Param RMSE covers the structural family only, which shares the parameterization of the true model. Policy TV is the distance between estimated and true choice probabilities, lower is better. Conv is the estimator's own convergence flag. A cautious flag can read False while the recovered policy is accurate. Regret base is welfare lost in the observed environment. Types A, B, and C are welfare lost after a change. Type A shifts a payoff, Type B changes the transitions, Type C penalizes an action. Estimators with a recovered reward re-solve it and adapt. Those without one keep their old policy.
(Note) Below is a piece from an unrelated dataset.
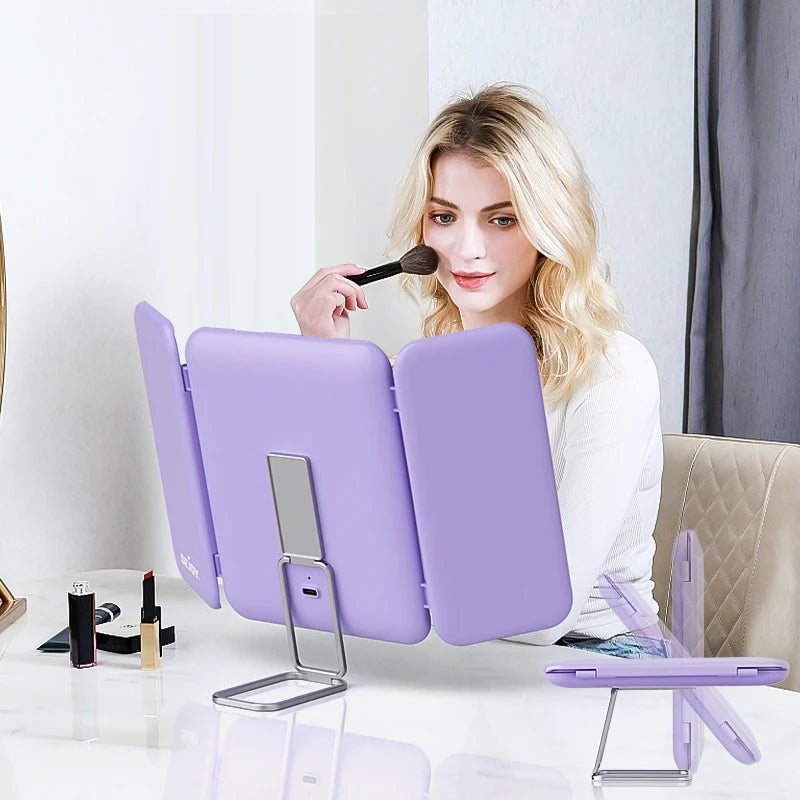 SEJOY Makeup Mirror With Lights 1X 3X 7X Magnification TriFold Portable LED Touch Control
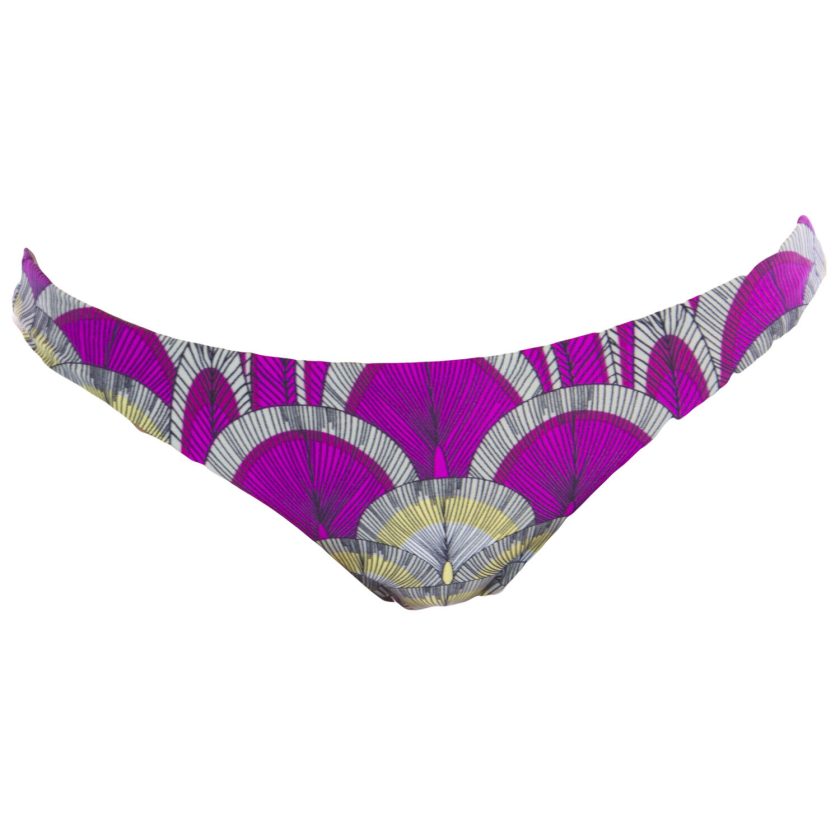 Mara Hoffman Purple Feather Low Rise Bikini Bottom, Medium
The structural family (NFXP, CCP, MPEC, NNES, SEES, TD-CCP, UFXP) recovers the cost parameters on the same scale as the truth, so Param RMSE applies to it alone. The IRL family is scored on behavior and regret. Its reward parameters are in a different parameterization, because reward is only partially identified from behavior. Estimators that recover a transferable reward adapt under the interventions. Policy-only methods keep their old policy, which is why their Type C regret is large.

## Notes per estimator

**UFXP.** Unnested fixed point (Bray; Oguz and Bray 2026) with the paper's optimal weighting. The value function is eliminated before any parameter search, so the linear case is closed form and as efficient as maximum likelihood.

**MCE-IRL.** Its converged flag reports whether the gradient norm crossed the tolerance. The objective often plateaus first, so the flag can read False while the policy is essentially exact.

**MaxEnt-IRL.** It trails MCE-IRL because trajectory-entropy matching is not the causal choice model that generated the data.

**IQ-Learn.** Uses the linear feature structure. A tabular Q-table would not propagate to unvisited states.

## Reproduce

```bash
python scripts/sim_rust_bus.py                 # run + write JSON
python scripts/sim_rust_bus.py --page          # regenerate this page
python scripts/sim_rust_bus.py --verify        # re-derive the table from JSON
```

Raw facts: `validation/results/sim_rust_bus.json`.

Not shown on this page: AIRL-Het / AAIRL (designed for latent-type heterogeneity; this panel has one agent type); MMP, GAIL (too slow for this page's per-fit budget); GCL, DeepMaxEnt-IRL, Bayesian-IRL (research code, not benchmarked); MaxMargin-IRL (its unit-norm reward direction has no link to the choice model's noise scale, so it is not a like-for-like baseline on this problem; it ran 3/3 and its raw records remain in the results file); f-IRL, BC (they recover a tabular reward and a choice-probability table, objects in a different parameterization; their raw records remain in the results file).